What the task requires: The lines in the listing below are to be given again exactly, starting at the line holding "Vtg Timex Electric" and ending at the line holding "Collier blanc". Do not include pictures.

[Input — start]

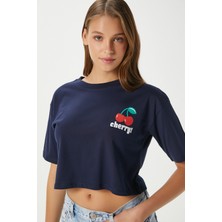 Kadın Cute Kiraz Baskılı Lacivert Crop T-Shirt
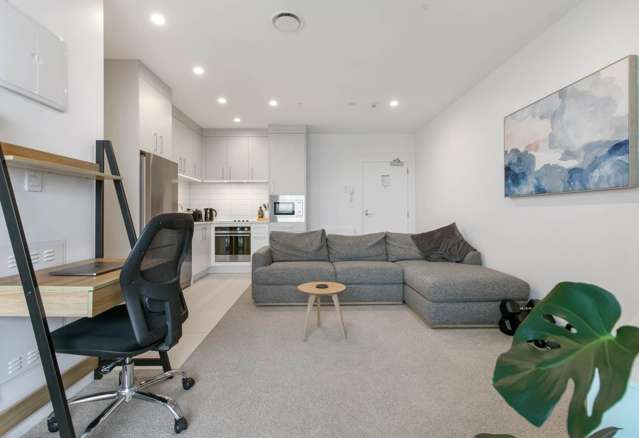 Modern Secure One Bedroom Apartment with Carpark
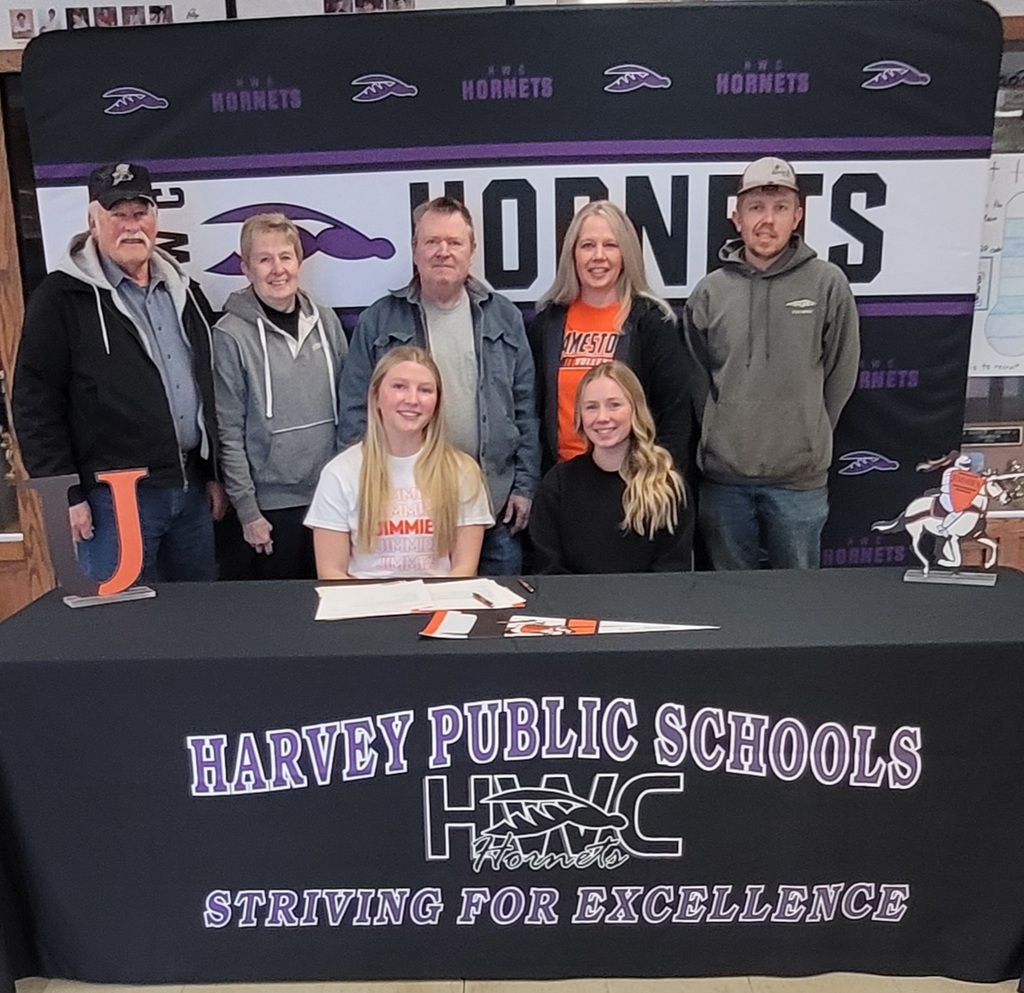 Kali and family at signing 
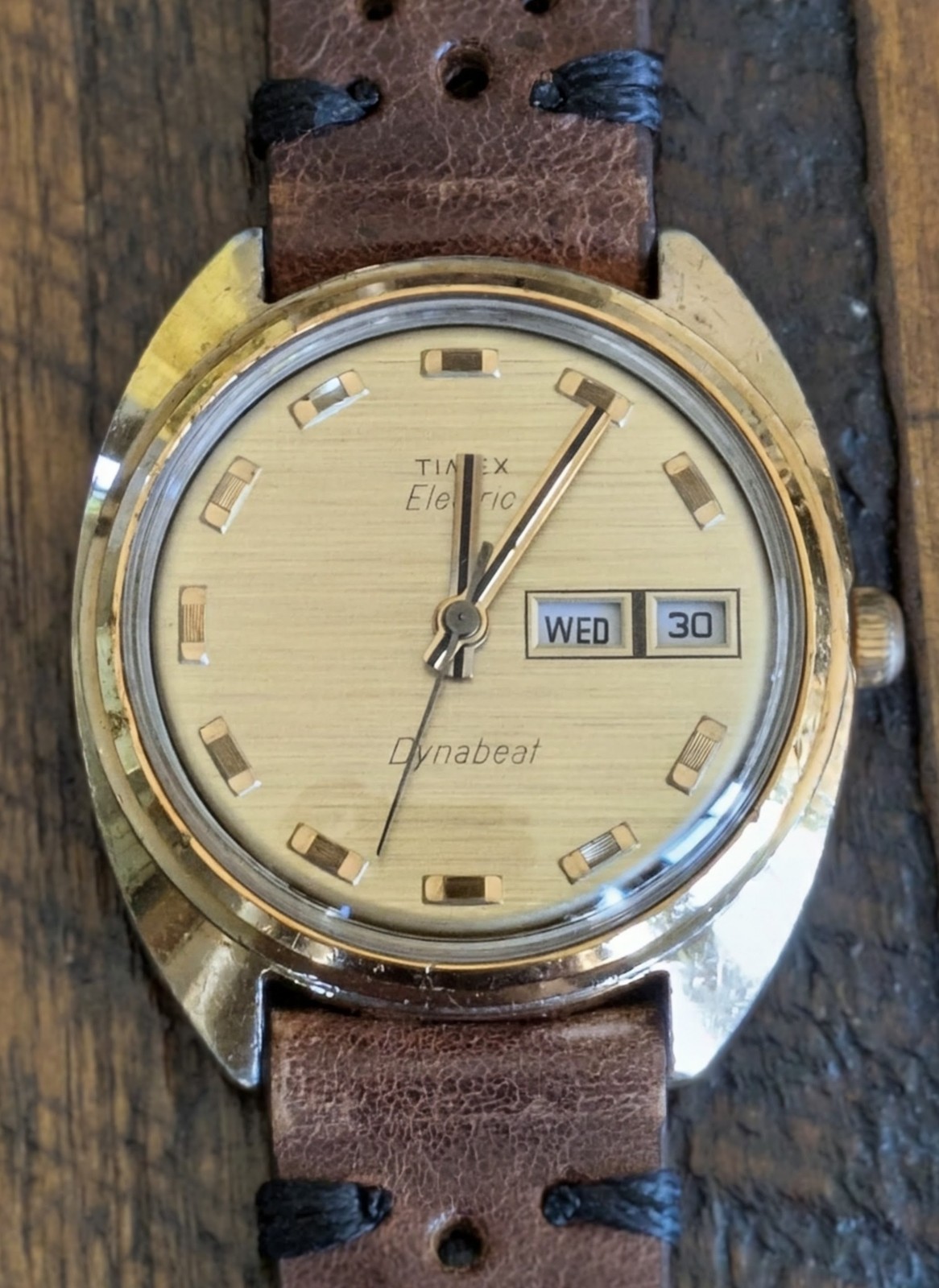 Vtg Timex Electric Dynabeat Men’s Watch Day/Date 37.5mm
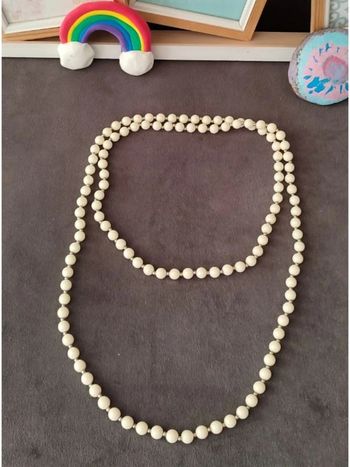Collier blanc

[Input — finish]
[Input — start]

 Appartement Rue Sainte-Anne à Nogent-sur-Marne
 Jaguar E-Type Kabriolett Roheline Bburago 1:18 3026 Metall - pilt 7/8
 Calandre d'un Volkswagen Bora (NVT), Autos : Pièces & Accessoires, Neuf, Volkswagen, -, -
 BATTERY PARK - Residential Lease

[Input — finish]
[Input — start]

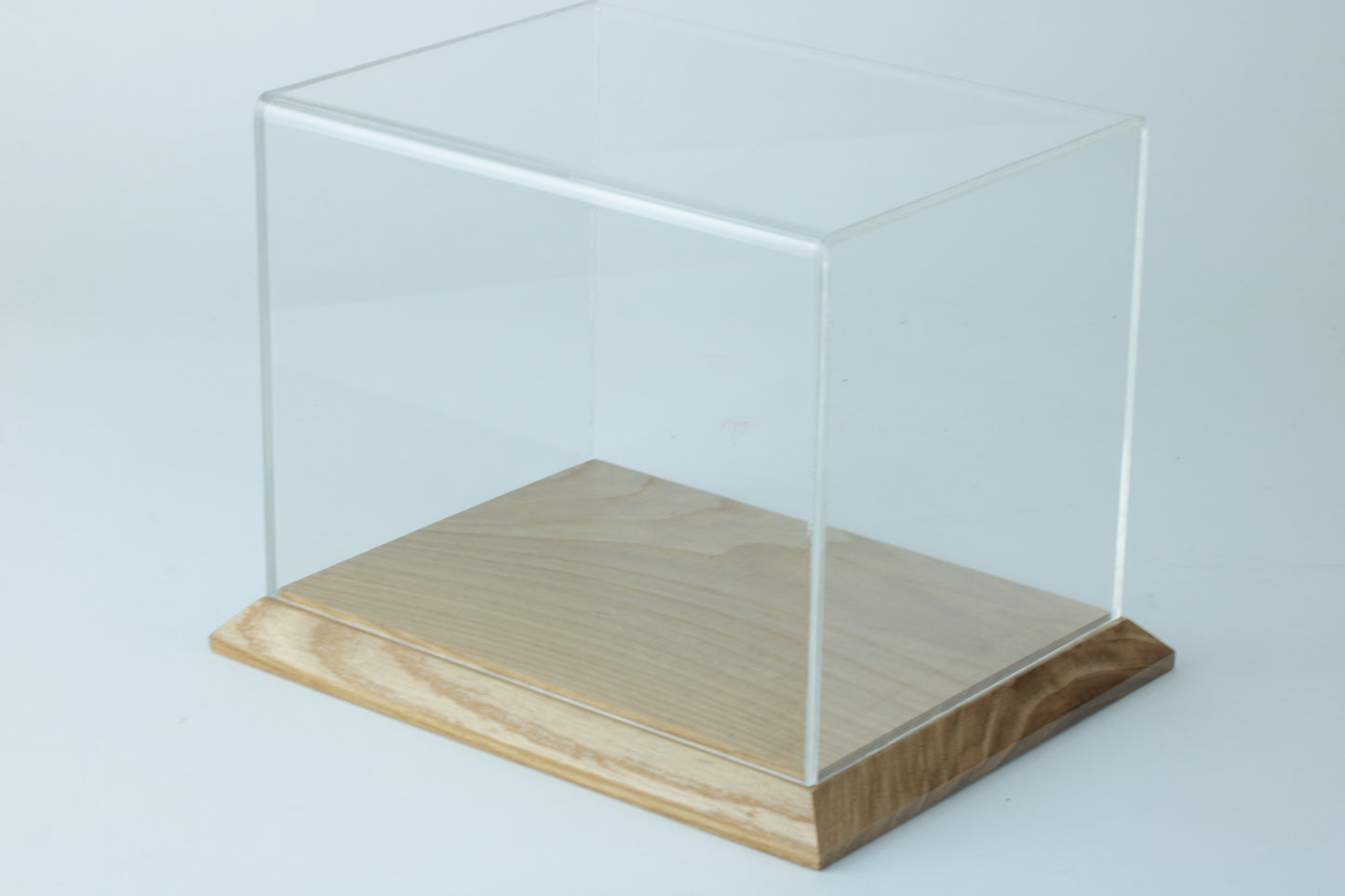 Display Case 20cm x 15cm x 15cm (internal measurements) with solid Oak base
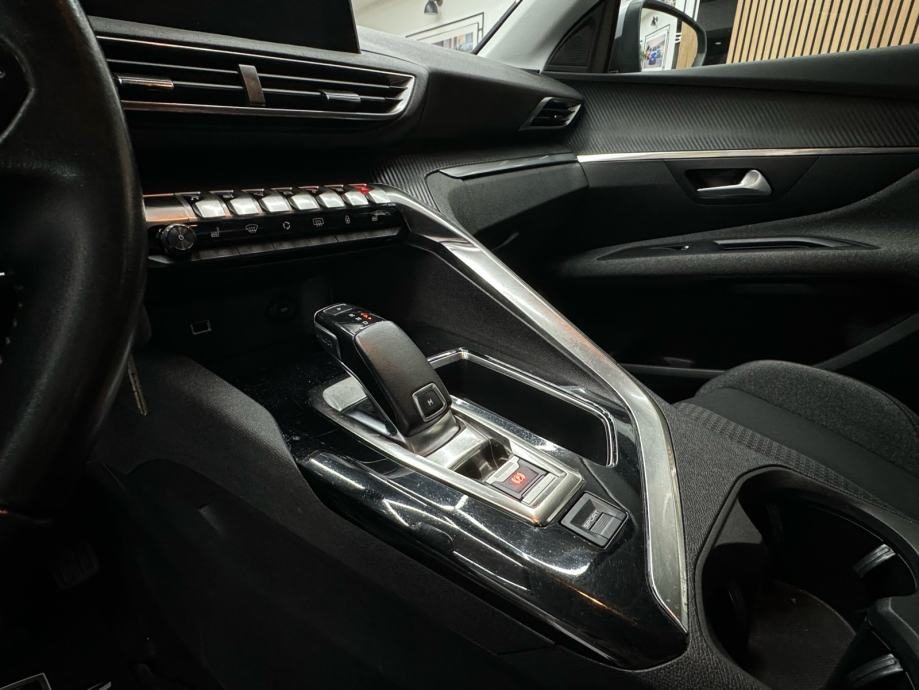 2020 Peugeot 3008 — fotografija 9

[Input — finish]

Your response:
 Vtg Timex Electric Dynabeat Men’s Watch Day/Date 37.5mm
Collier blanc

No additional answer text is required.